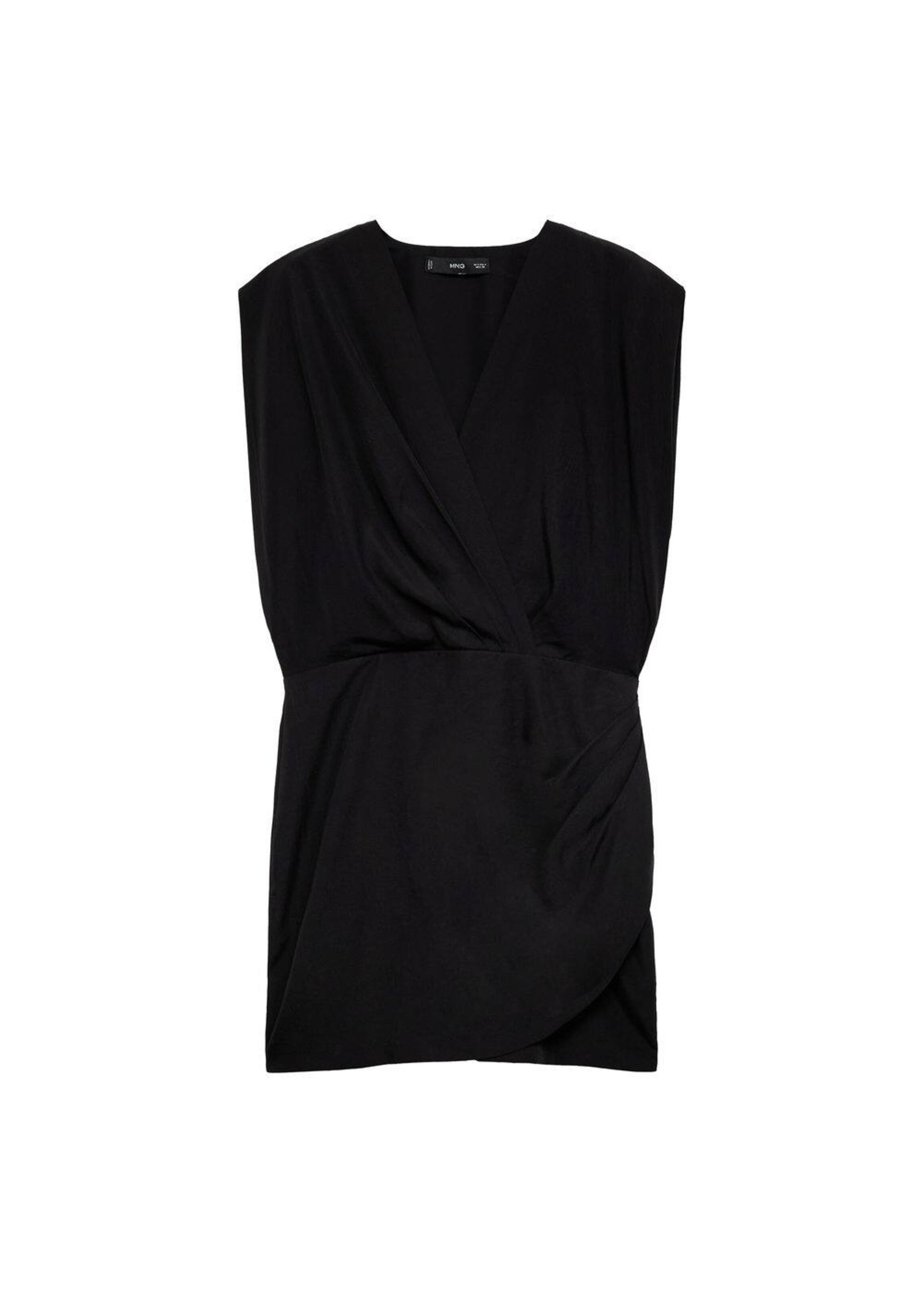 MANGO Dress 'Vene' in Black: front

===

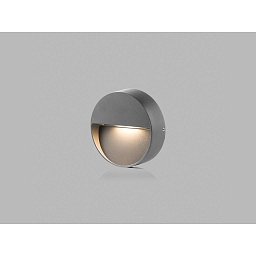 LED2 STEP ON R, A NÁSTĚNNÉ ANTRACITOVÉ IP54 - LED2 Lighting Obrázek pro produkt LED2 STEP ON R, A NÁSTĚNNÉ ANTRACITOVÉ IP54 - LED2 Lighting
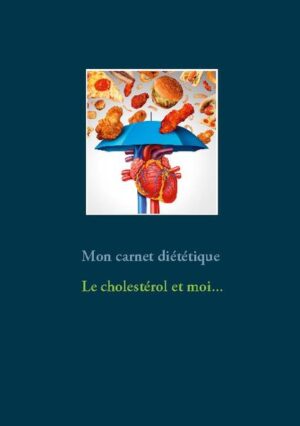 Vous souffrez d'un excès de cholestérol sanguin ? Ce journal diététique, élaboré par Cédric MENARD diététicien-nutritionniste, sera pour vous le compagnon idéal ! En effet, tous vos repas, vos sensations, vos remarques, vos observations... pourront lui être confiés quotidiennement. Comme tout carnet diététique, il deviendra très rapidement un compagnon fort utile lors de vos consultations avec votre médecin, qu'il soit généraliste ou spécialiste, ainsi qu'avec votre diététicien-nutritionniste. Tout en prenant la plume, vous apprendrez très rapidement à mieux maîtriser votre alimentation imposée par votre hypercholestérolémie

===

Reproduce the lines above beginning at the line that contains "LED2 Lighting Obrázek" and ending at the line that contains "Vous souffrez d'un". No pictures.

 LED2 STEP ON R, A NÁSTĚNNÉ ANTRACITOVÉ IP54 - LED2 Lighting Obrázek pro produkt LED2 STEP ON R, A NÁSTĚNNÉ ANTRACITOVÉ IP54 - LED2 Lighting
 Vous souffrez d'un excès de cholestérol sanguin ? Ce journal diététique, élaboré par Cédric MENARD diététicien-nutritionniste, sera pour vous le compagnon idéal ! En effet, tous vos repas, vos sensations, vos remarques, vos observations... pourront lui être confiés quotidiennement. Comme tout carnet diététique, il deviendra très rapidement un compagnon fort utile lors de vos consultations avec votre médecin, qu'il soit généraliste ou spécialiste, ainsi qu'avec votre diététicien-nutritionniste. Tout en prenant la plume, vous apprendrez très rapidement à mieux maîtriser votre alimentation imposée par votre hypercholestérolémie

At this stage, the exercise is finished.